「これでよし……と! 誤字脱字もチェック終わり! 作品プレビューも、キャプションもばっちり! タグ付けして、早速P支部にアップして、宣伝もポストして……。あ、七瀬さんにもお知らせしなくっちゃ!」
近頃のあめりは絶好調だった。憧れの同人字書き、七瀬に背中を押される形で書き始めた二次創作。心に思い描いていた妄想が形になる喜びに目覚めて以来、彼女は夢中になって執筆に取り組んできた。数千字程度の短編とはいえ、完成させた小説は今日でついに十本目だ。隙間時間を使ってこつこつと書き続けてきた努力の結晶は、何よりもきらきらと輝いて見えた。

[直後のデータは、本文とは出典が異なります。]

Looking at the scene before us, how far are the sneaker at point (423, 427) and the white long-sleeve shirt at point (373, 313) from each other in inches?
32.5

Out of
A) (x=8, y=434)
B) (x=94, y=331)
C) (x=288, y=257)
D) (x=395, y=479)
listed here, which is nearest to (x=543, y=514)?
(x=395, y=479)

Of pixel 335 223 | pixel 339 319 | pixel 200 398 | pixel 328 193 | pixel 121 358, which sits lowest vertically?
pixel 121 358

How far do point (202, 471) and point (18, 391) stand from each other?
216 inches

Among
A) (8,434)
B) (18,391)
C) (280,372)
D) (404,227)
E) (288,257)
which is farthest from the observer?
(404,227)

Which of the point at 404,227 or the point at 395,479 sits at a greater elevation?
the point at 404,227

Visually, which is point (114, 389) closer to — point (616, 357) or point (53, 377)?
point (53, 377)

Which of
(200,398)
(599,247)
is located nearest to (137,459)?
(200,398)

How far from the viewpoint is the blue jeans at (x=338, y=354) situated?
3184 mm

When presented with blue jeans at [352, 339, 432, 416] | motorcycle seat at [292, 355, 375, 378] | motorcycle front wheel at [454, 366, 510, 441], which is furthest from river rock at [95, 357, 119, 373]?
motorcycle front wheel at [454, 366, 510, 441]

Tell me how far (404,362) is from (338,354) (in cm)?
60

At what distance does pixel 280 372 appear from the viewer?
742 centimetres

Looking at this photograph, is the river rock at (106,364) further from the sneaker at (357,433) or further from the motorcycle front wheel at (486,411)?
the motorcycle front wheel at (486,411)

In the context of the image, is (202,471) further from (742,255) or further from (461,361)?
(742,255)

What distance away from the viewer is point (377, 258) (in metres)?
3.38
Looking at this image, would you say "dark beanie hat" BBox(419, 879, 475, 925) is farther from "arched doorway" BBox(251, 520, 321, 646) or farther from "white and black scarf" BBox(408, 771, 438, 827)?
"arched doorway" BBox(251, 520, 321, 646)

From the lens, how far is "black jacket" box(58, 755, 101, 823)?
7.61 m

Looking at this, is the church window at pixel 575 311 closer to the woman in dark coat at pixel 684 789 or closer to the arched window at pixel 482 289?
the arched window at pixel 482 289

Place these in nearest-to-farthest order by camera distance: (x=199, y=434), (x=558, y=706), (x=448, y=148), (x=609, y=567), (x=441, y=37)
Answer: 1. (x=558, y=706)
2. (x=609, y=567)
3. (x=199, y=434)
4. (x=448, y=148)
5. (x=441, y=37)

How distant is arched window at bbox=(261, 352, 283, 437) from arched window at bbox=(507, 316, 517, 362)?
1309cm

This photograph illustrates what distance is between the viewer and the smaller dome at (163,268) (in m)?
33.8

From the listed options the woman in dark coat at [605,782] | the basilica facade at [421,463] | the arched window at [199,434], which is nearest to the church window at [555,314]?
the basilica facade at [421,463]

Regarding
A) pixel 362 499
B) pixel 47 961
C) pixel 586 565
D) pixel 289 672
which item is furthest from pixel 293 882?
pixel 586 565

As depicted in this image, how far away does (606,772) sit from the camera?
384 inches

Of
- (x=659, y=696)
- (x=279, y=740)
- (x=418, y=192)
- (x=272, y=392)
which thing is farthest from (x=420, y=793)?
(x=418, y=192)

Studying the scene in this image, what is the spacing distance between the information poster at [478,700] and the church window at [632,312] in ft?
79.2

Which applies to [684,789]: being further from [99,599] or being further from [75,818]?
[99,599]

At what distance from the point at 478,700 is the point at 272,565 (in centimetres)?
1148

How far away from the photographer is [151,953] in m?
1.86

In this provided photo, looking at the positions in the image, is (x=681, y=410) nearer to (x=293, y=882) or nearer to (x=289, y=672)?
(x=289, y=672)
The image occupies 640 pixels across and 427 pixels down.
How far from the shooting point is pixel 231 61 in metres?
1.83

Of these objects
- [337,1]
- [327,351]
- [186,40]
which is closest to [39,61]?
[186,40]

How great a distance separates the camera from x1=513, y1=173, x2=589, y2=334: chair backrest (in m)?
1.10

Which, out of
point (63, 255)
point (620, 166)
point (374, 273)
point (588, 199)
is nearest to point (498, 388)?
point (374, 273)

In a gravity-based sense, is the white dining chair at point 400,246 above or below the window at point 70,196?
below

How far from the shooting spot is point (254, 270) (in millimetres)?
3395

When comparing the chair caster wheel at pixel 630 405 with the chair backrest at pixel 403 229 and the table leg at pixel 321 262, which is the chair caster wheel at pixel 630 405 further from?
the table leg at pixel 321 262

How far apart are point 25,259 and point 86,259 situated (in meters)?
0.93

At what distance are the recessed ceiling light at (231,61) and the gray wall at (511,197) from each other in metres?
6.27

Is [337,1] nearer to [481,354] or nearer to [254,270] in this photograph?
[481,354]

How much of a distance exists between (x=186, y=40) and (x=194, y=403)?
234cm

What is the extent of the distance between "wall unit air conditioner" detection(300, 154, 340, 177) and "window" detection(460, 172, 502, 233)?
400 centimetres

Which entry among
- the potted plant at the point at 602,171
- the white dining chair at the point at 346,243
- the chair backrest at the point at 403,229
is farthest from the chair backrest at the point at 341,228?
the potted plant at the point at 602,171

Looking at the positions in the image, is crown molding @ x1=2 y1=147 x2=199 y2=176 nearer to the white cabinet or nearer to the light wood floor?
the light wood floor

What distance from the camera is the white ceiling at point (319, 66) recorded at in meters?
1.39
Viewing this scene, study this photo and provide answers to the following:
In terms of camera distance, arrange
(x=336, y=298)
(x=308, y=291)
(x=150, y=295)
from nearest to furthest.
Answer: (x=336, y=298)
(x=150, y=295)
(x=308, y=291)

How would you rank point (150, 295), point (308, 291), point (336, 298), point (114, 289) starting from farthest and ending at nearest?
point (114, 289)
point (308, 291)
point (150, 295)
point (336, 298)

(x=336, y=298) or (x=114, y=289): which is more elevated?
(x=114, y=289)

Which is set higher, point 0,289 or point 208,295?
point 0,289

とはいえ推しCPであるX×YはまだまだKTG界隈ではマイナーなカップリングだ。その上、同人初心者かつフォロワーも少ない彼女に感想を送ってくれるのは、今のところ七瀬だけ。本音を言えばもっと同士からの反応が欲しいところだ。
「そもそも評価や反応を貰うためには、まず他の人の目に留まって読んでもらわないといけないからな~。今まで短編ばっかり上げてきたし、今度は中編とか長編にも挑戦してみたいなあ。……でも……」
あめりは愛用のノートPCを立ち上げると、テキストエディタを開いた。目に入るのは箇条書きのアイデアに、タイトルをつけたきり放置したデータの数々。彼女はがっくりと肩を落とすと、深い溜息をつく。思いついたシチュエーションやセリフを基に短い作品を書き上げることには慣れてきたものの、長編はまだまだ未知の領域だった。彼女も毎日スマートフォンやPCに向かう度にメモを開いてはみるのだが、頭に浮かんでいた壮大なイメージは「これを書こう」と意気込んだ途端に霧散してしまうのだ。
「え~ん! どうしたらいいんだろう……」
こんな時七瀬さんだったら——と考えたところで、あめりはぶんぶんと首を振る。
「だ、だめだめ! いつまでも七瀬さんに頼ってたら成長できないし、迷惑になっちゃうよ! ここは……」
彼女のとった選択は、先人の知恵を求めてネットの海を検索することだった。サーチエンジンのキーワードに「同人 小説 初心者 長編」と打ち込むと、とあるブログがサジェスト結果に現れた。
「『オリビアの部屋』……? あ! 確かここ、七瀬さんが『創作に詰まった時におすすめですよ』って言ってたブログだ……。TLでも時々リポストされて記事が回ってくるし、何かためになる情報が載ってるかも!」
さっそくブログにアクセスして、画面をスクロールしていく。すると、彼女の悩みにぴったりの記事が目に入った。同人初心者であるという匿名メッセージ投稿者へのアドバイスだ。
『オリビアさん、はじめまして! 私は長年ROM専だった新米字書きです。今ハマっているジャンルの自カプがめちゃくちゃマイナーで、飢えをしのぐためになんとか自分で生産したい、という思いから小説書き始めたのがきっかけでした。短編には慣れてきたのでそろそろ中編や長編を書いてみたいのですが、なかなかうまくいかなくて悩んでいます。長編向けのプロットの立て方など、具体的なアドバイスがもらえたら嬉しいです!』
「あ! この人の悩み、私と似てる! 苦しんでるのが自分だけじゃないんだって思うと、ちょっとホッとするな……」
あめりは一人で頷きながらも、ブログを読み続ける。質問者からの相談メッセージに対して労りのメッセージを添えながらも、ブログの管理人は自論に加えて、読者から届いたアドバイスも同時に掲載していた。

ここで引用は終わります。